May Old Acquaintance be Remembered

We dropped Jay off at the airport today. He’s left for Turkey off on another of his adventures. Most of my day was taken up with that and swimming at the gym.

When I’m swimming now I’ve found a flow where I can’t even think. It’s still beautiful. It’s just what I need. I don’t know if I swim for therapy or to work out, but it works for both most times. Afterwards the world comes crashing in and it’s back to every day again.

Sigh. I’m going to try not writing about it. I’m going to try not thinking about it. I’ve tried soaking myself in my grief and I feel terrible and drained. It reminds me that I still have the full range of human emotions. I’m a walking, talking, real boy.

I can’t wait for time. Time is my enemy and I want as much between myself and pain as I can possibly get. I let each week slip by and try to get further and further away. I think I need to move. I drive by the old house and my instincts turn me that direction before I know what i’m doing. I’ve backtracked a dozen times by now.

I’m looking at housing in SF or beyond. I’m looking for work wherever sounds interesting. I’m about to leave this town behind and I can’t stop just holding my breath. My friends have fallen away. I have a core group who I’ll always be with and always miss, but it’s disturbing how many just fell out of the picture in the recent events.

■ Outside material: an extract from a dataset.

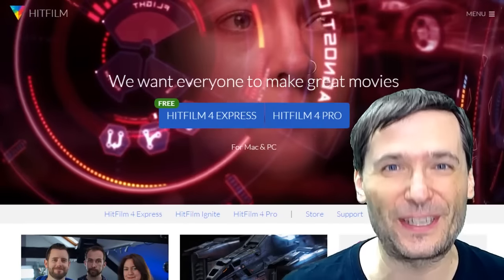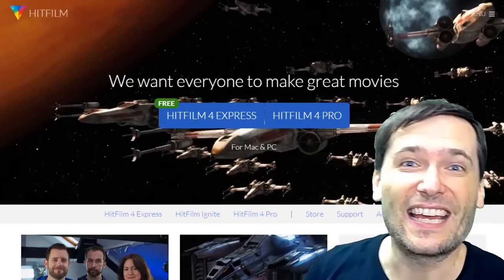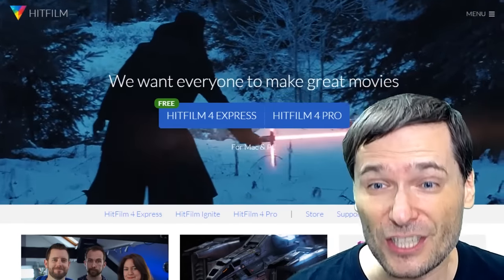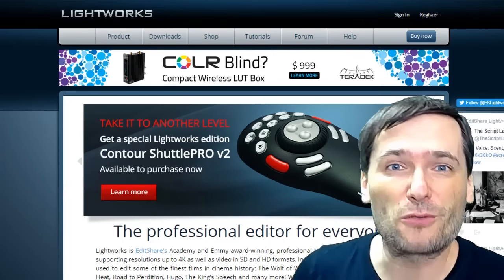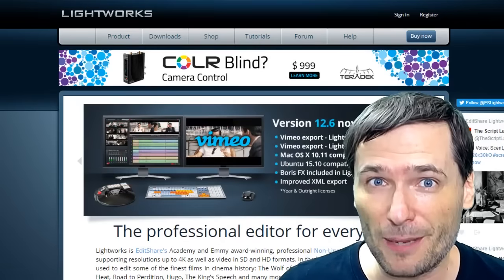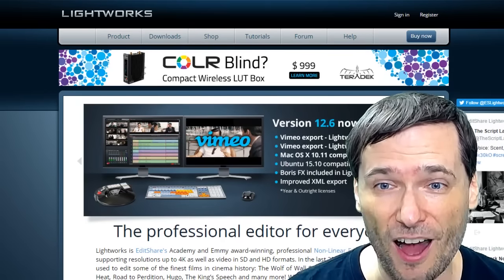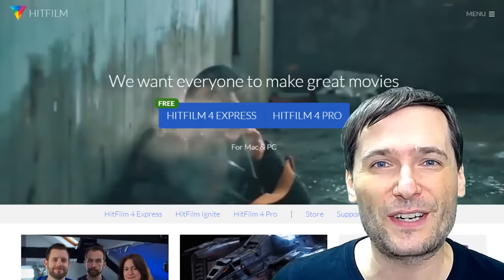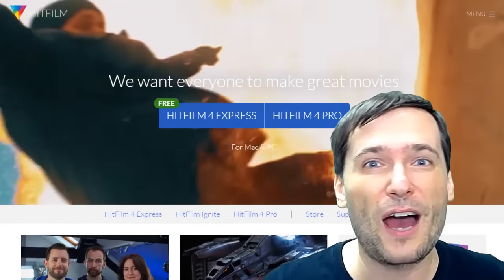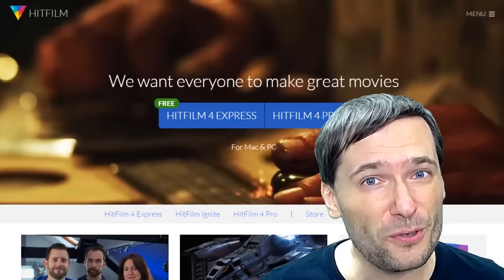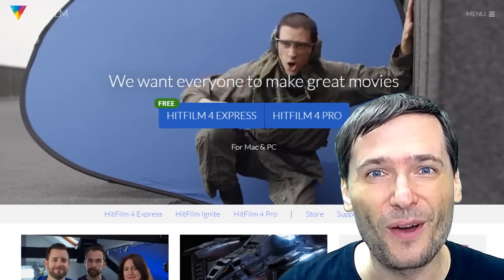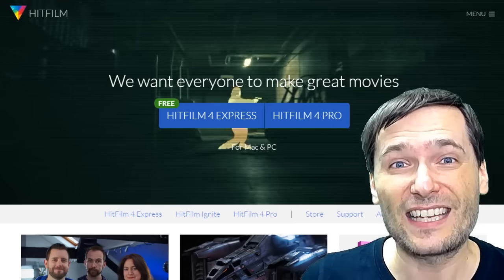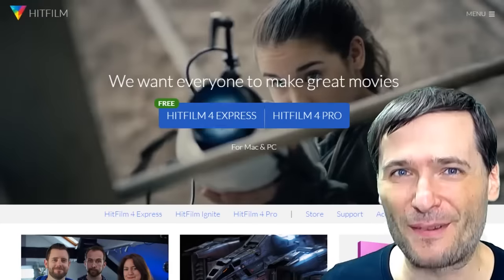There's one more free bonus tool I want to talk about — it's called HitFilm 4 Express, a completely free video editor, just like Lightworks, which we featured before. Lightworks is at www.lwks.com and HitFilm is at www.hitfilm.com. Both are free video editors that let you create awesome videos without paying. Tell us in the comments which one you prefer, or if there are any other free video editors you'd recommend we introduce to the Freedom Family.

Maybe this isn’t my town, this isn’t my place. I’ve been going on dates and thinking of what to do and the answers always seem the same. I’ve started going out dancing lately, it’s just some fluff way to spend an evening and something I couldn’t do before so I do it now. When I lose another chunk of weight and am approaching somewhat normal, I have all these things I want to do. Ride a roller coaster, go bungee jumping, ride a bike, jog, dance, test myself. Right now I’m still rickety and working my way down a very uncomfortable ladder.

Each time I feel myself swelling with pride at my accomplishments I have the downturn when I realize I have so far to go. I wish I could share what’s in my head, the feeling I get when I notice my legs are stronger, my muscles tighter, my chest expanding and my breath coming easier and longer.

Someday I’ll be fit, I’ll be healthy, I’ll be drug & alcohol free. My whole life I saw people like that and thought I’d never be in their league. I’d never be like them. I see what it takes now and I want it so bad. I want to feel good about everything in my life. I want to meet a beautiful woman, with elegance, grace, charisma and a head on her shoulders. To know, I deserve someone who is also amazing. I just have to get there first.

Dating continues, still don’t know what I think of it. it’s just nice to be around people and to feel attractive. Sometimes I feel like an actor. Pretending I’m not bleeding inside, pretending my thoughts are always funny and charming. Then I find myself being very grounded and real. I’m not so afraid of it anymore. To just admit what i’m feeling and thinking. I feel like I’m taking off a mask I’ve always worn. I don’t care if I’m not always fun or ‘on’. I’m just being me more. I’ve noticed people responding to it. I like it.

Self Discovery at every turn. Seems like every day I have a new realization. Finally each one is positive and each step is in the right direction. When I can get out of my head and out into the world, I’m a force to be reckoned with. Let’s keep trying.